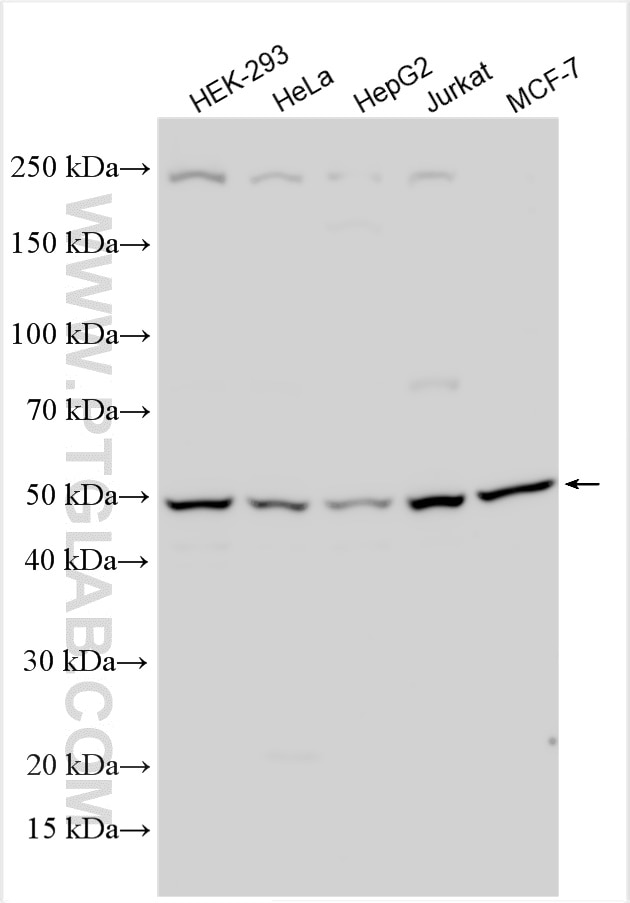 Western Blot (WB) analysis of various lysates using STK38 Polyclonal antibody (11105-1-AP)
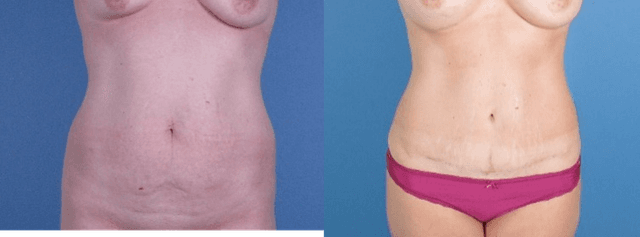 Tummy Tuck (Abdominoplasty) procedure image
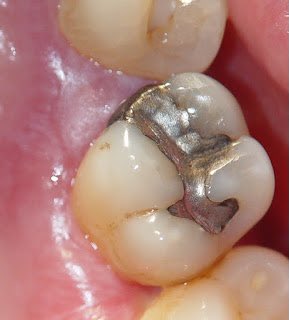 rodoepifanio's tweet photo. ¿La amalgama dental: heroina o villana? ¿Hay razones sistémicas para indicar su reemplazo? ¿Hay evidencia científica de que causa cáncer o enfermedades sistémicas? Les invito a revisar mi última entrada en mi blog  en donde revisamos estos temas.

https://t.co/oqA0Ijt1jV https://t.co/dPENzB1qyk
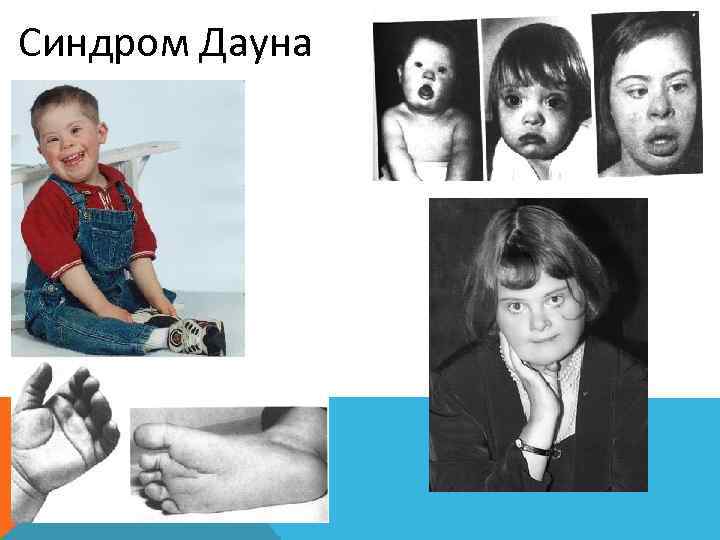 Синдром Дауна 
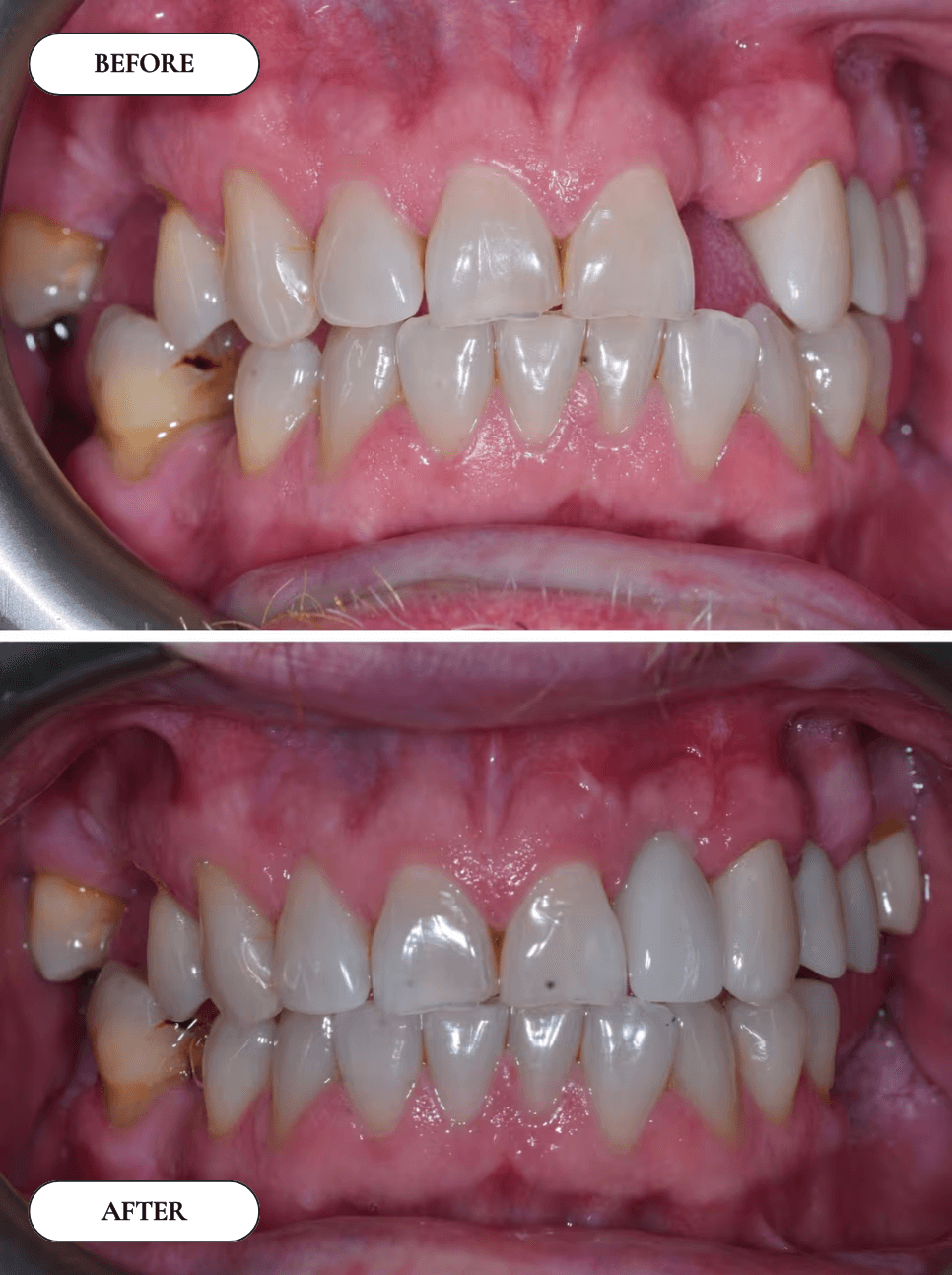 Smile Transformation 5 - Before and After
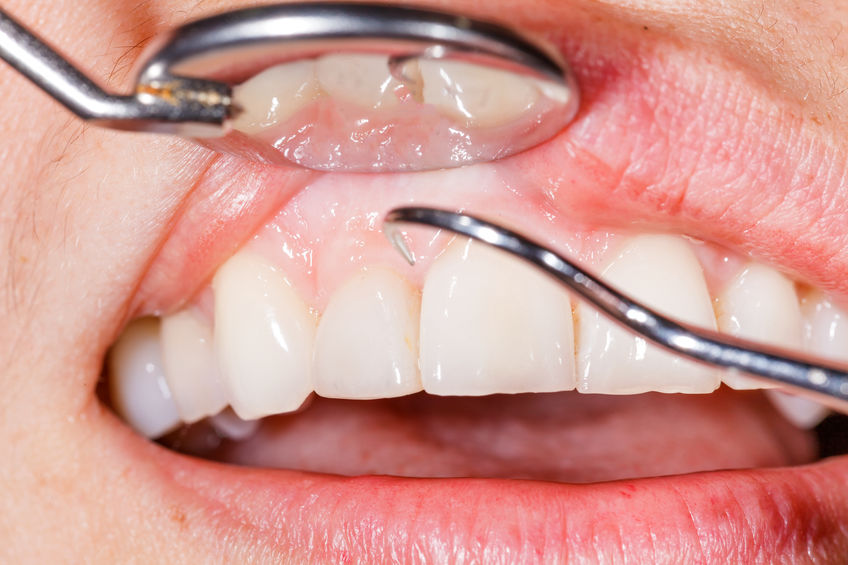 a periodontális betegség kezelésének a cukorbetegség near-es típusú cukorbetegség kezelése módszer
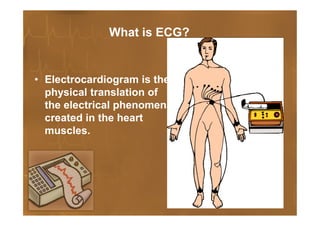 Define Ecg Basics of ECG | PDF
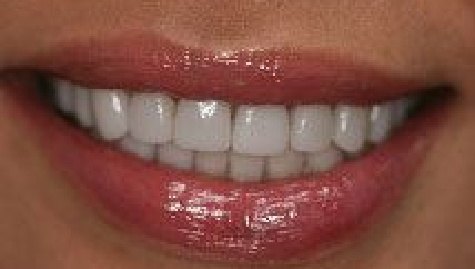 Close up of flawless smile after cosmetic dentistry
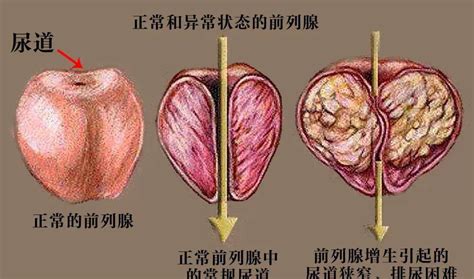 关于前列腺的冷知识，你知道多少？ 进行 男性 按摩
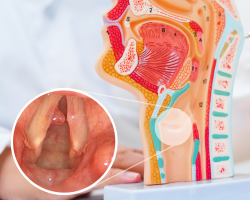 Anatomski model grkljana i endoskopski prikaz polipa na glasnicama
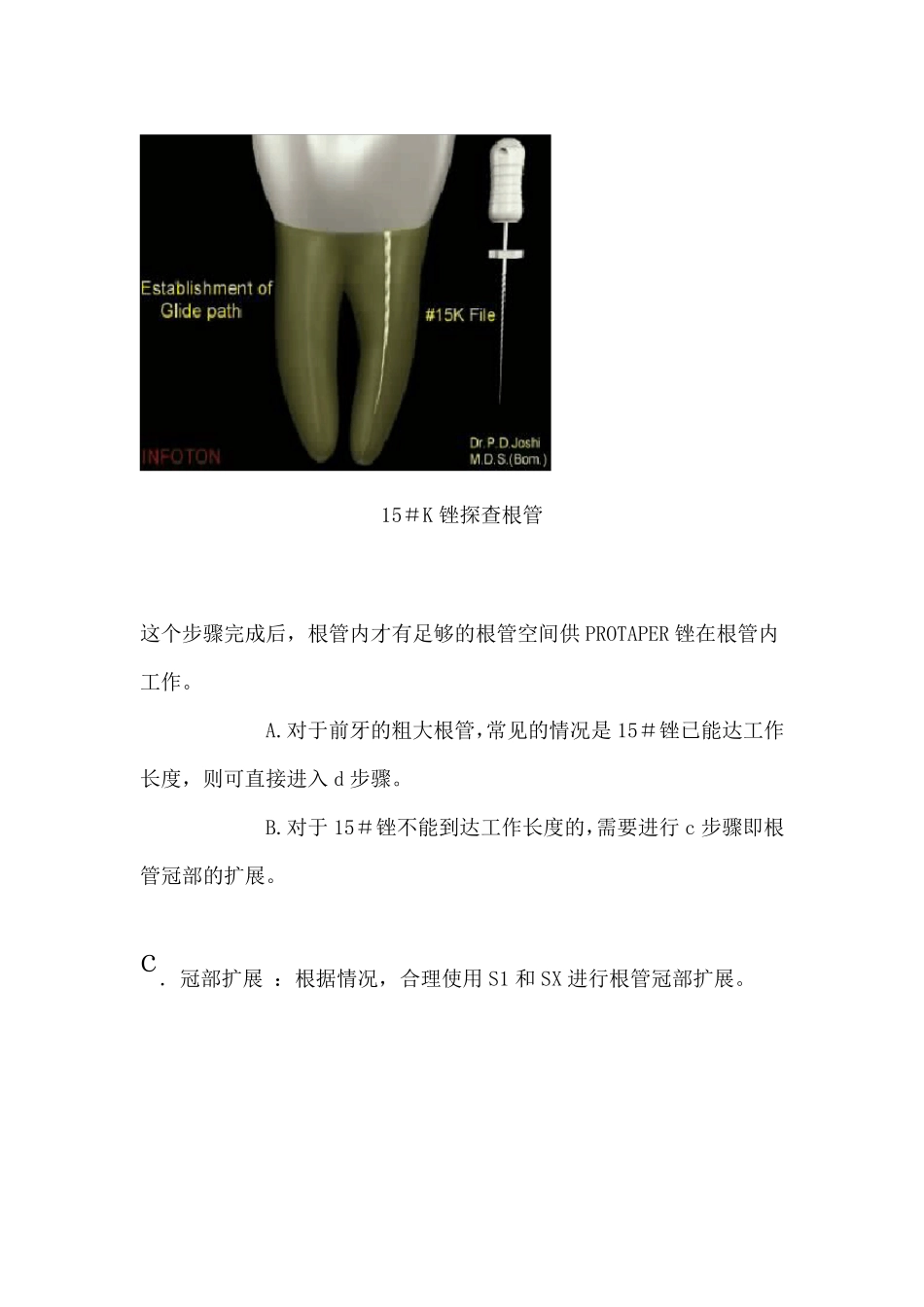 根管预备操作流程_第3页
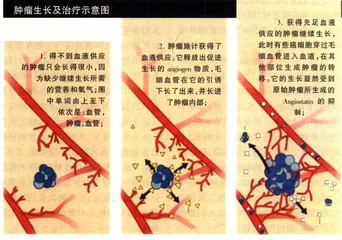 对抗癌瘤的“饥饿疗法”3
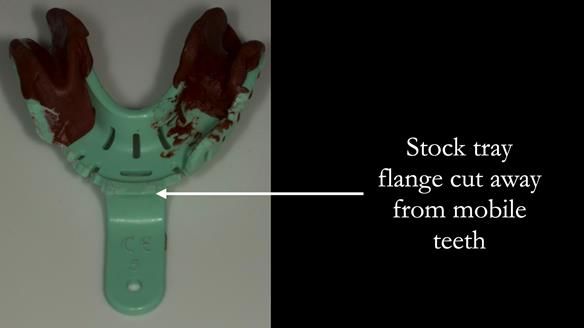 Finlay's Case Study Newsletter 40 - Immediate Mk 1 RPD to Definitive Mk 2 RPD - full protocol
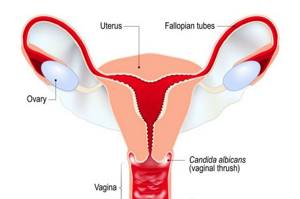 Как лечить вагинальный кандидоз: симптомы и методы терапии, опасность заболевания для беременных и меры профилактики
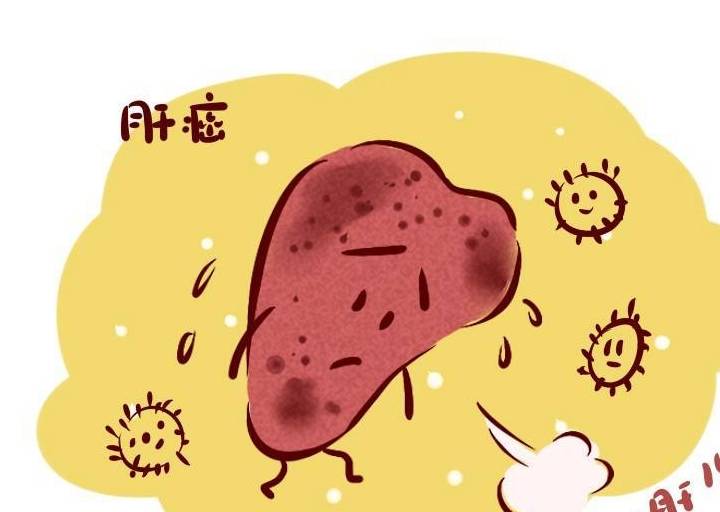 肝脏|肝病不能早期发现?身体出现“2红1黄”,警惕疾病中晚期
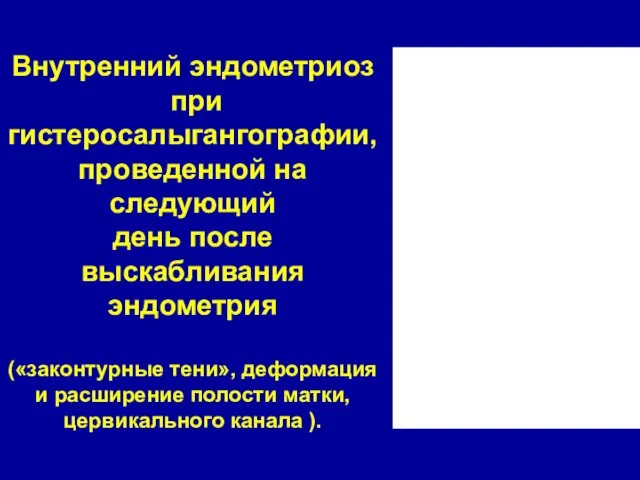 Внутренний эндометриоз при гистеросалыгангографии, проведенной на следующий день после выскабливания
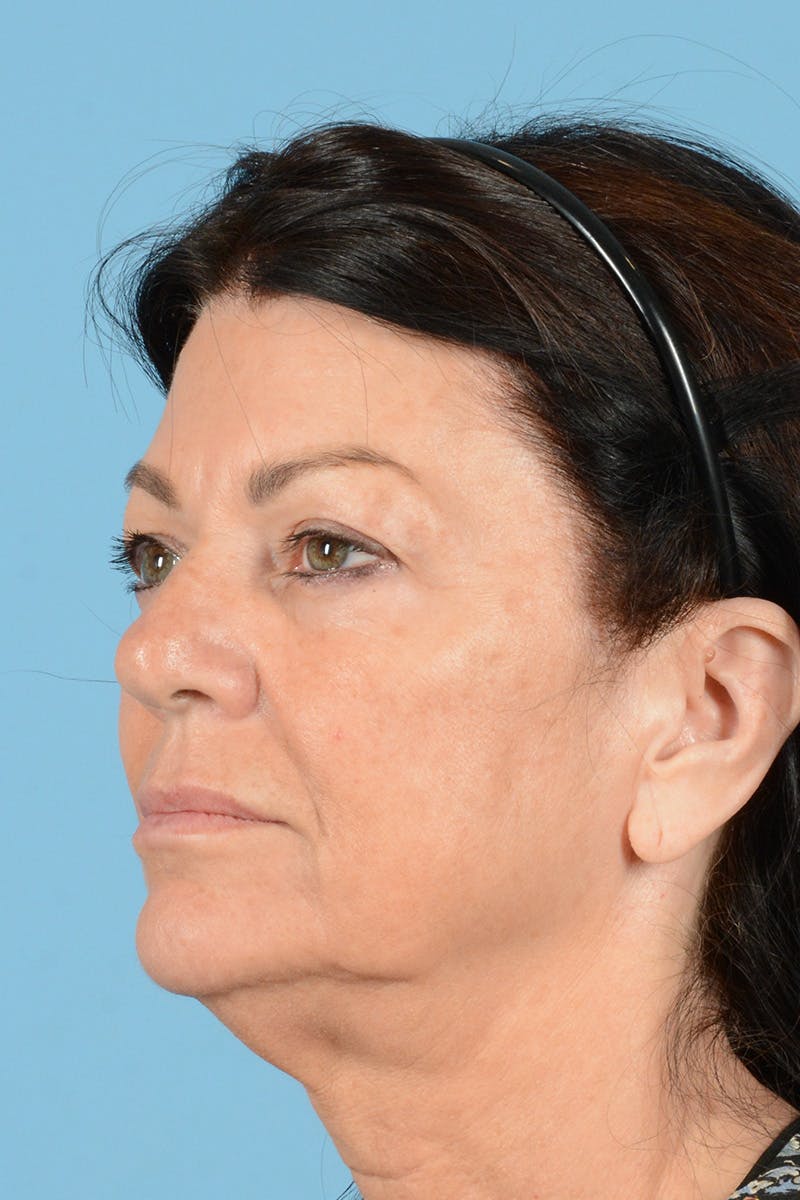Facelift Before & After Gallery - Patient 413115 - Image 7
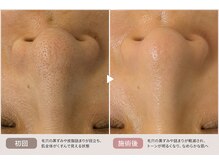 リッシュ 骨盤革命(RICHE.)/牛込神楽坂/韓国肌管理/美容整体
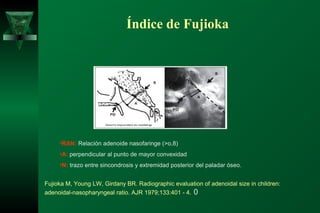 Índice de Fujioka




     •RAN: Relación adenoide nasofaringe (>o,8)
     •A: perpendicular al punto de mayor convexidad
     •N: trazo entre sincondrosis y extremidad posterior del paladar óseo.


Fujioka M, Young LW, Girdany BR. Radiographic evaluation of adenoidal size in children:
adenoidal-nasopharyngeal ratio. AJR 1979;133:401 - 4. 0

========

- _TRY IT_:
The lines to copy are those above that contain "adenoidal".

- _SOLUTION FOR THIS EXERCISE_:
Fujioka M, Young LW, Girdany BR. Radiographic evaluation of adenoidal size in children:
adenoidal-nasopharyngeal ratio. AJR 1979;133:401 - 4. 0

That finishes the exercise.